• [Records]:
========

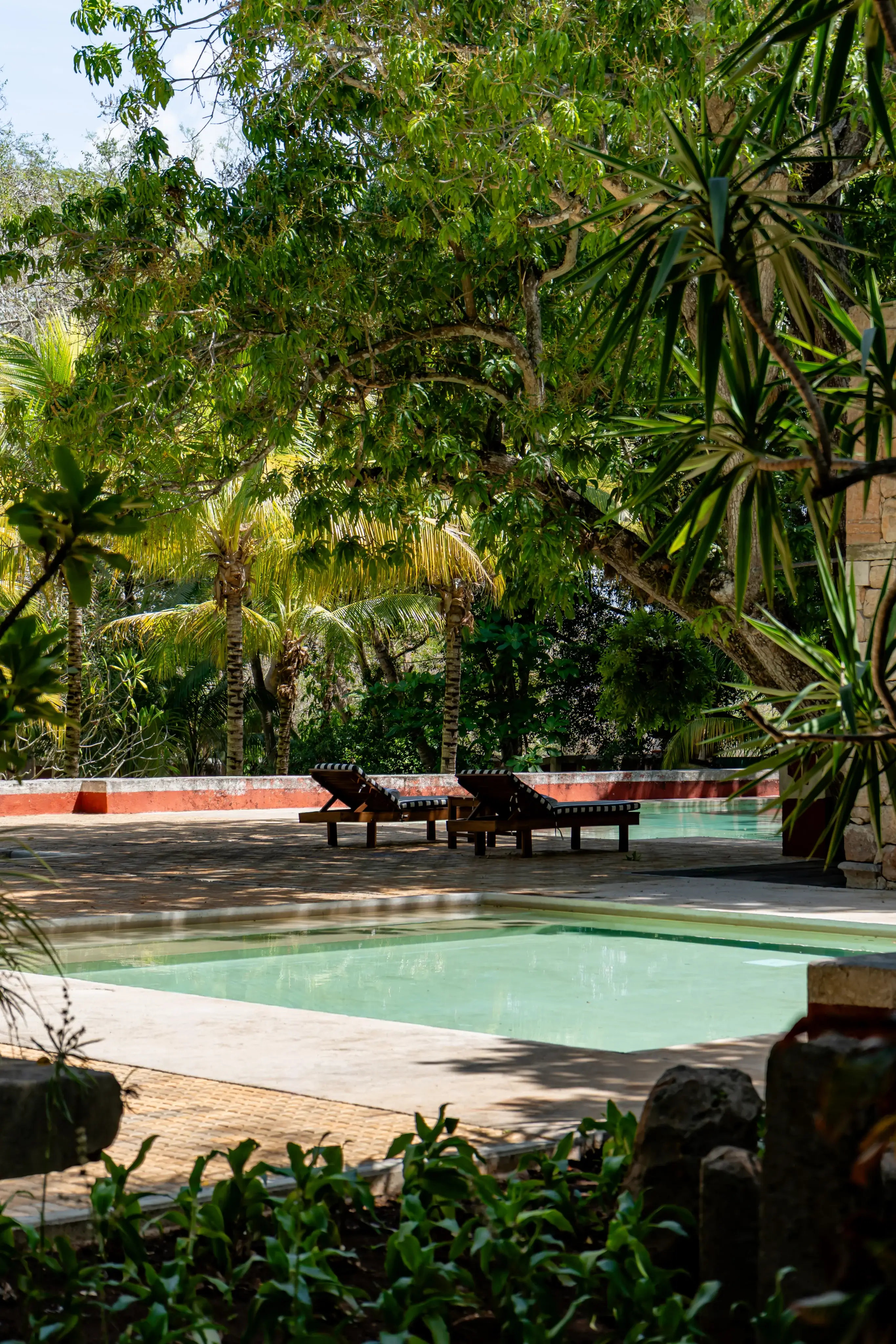 Galería de Hacienda Chuntuac 38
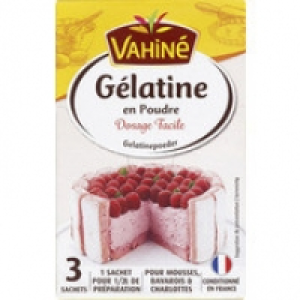 Vahin&eacute; G&eacute;latine alimentaire en poudre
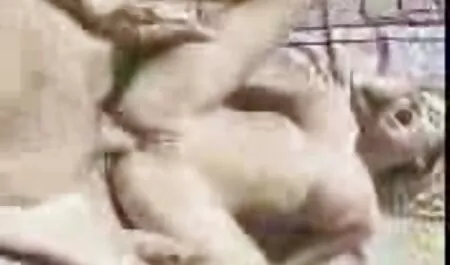 Cô phim sex phụ đề nhật bản gái tóc vàng chấp nhận một đam mê hậu môn giả rodeo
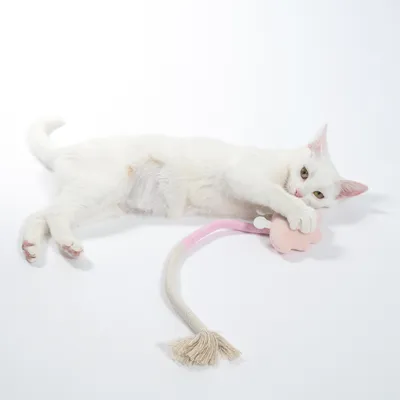 Weisse Katze spielt mit einem rosa Spielzeug mit langem Seil und Quaste. Produkt zeigt Nutzung eines Katzenspielzeugs.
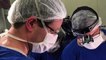 Médicos en Brasil listos para más trasplantes de úteros fértiles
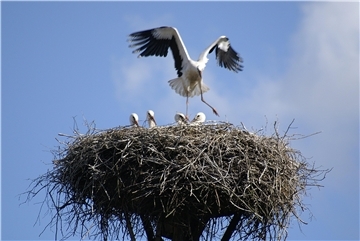 Während ein Jungstorch erste Flugversuche vorbereitet, beobachten seine vier gleichgroßen Geschwister seine Bemühungen aus sicherer Deckung im Nest.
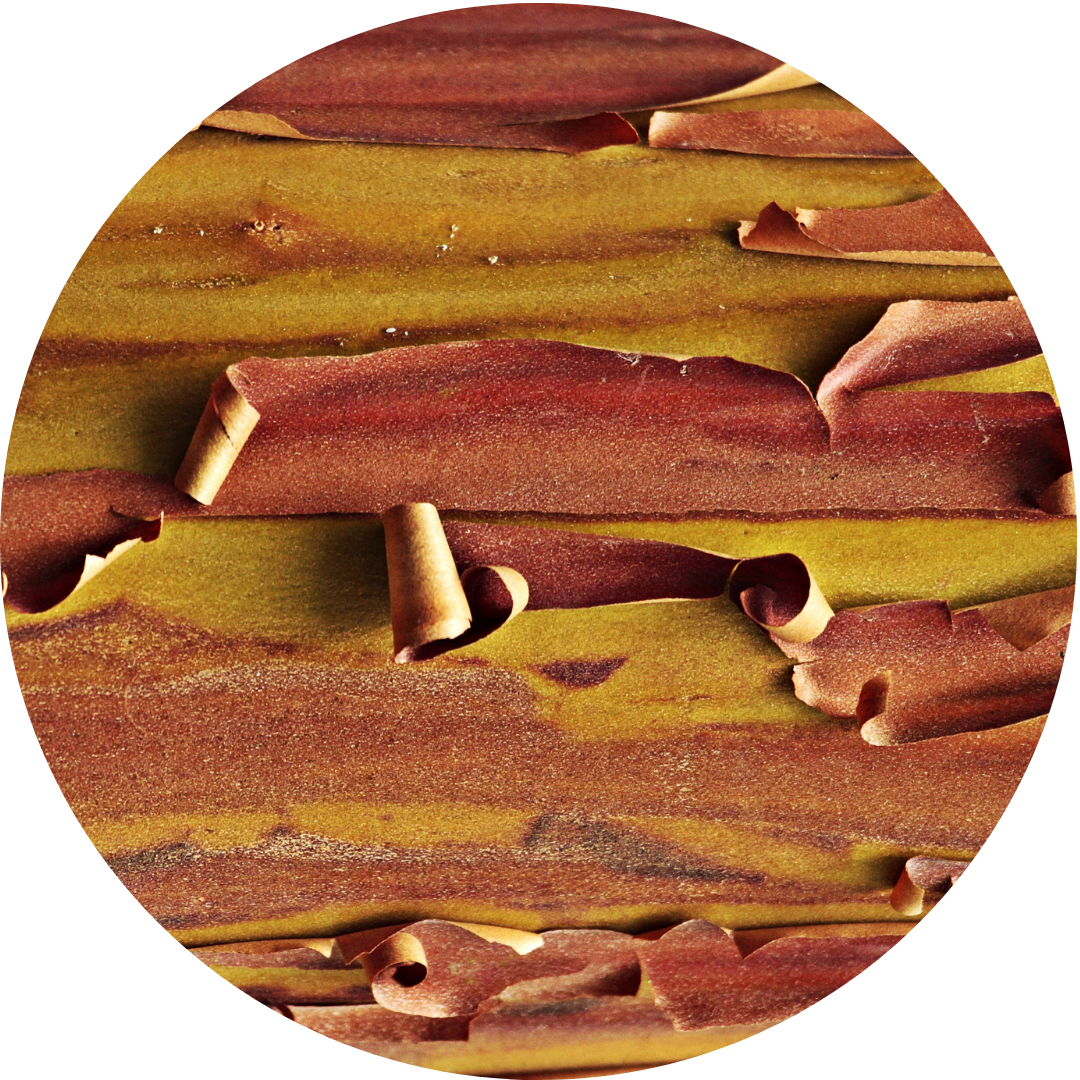 Ablative Laser Behandlung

========

• [Work to be completed]:
Everything in the records above must be restated verbatim, save for the pictures.

• [Expected output]:
 Galería de Hacienda Chuntuac 38
 Vahin&eacute; G&eacute;latine alimentaire en poudre
 Cô phim sex phụ đề nhật bản gái tóc vàng chấp nhận một đam mê hậu môn giả rodeo
 Weisse Katze spielt mit einem rosa Spielzeug mit langem Seil und Quaste. Produkt zeigt Nutzung eines Katzenspielzeugs.
 Médicos en Brasil listos para más trasplantes de úteros fértiles
 Während ein Jungstorch erste Flugversuche vorbereitet, beobachten seine vier gleichgroßen Geschwister seine Bemühungen aus sicherer Deckung im Nest.
 Ablative Laser Behandlung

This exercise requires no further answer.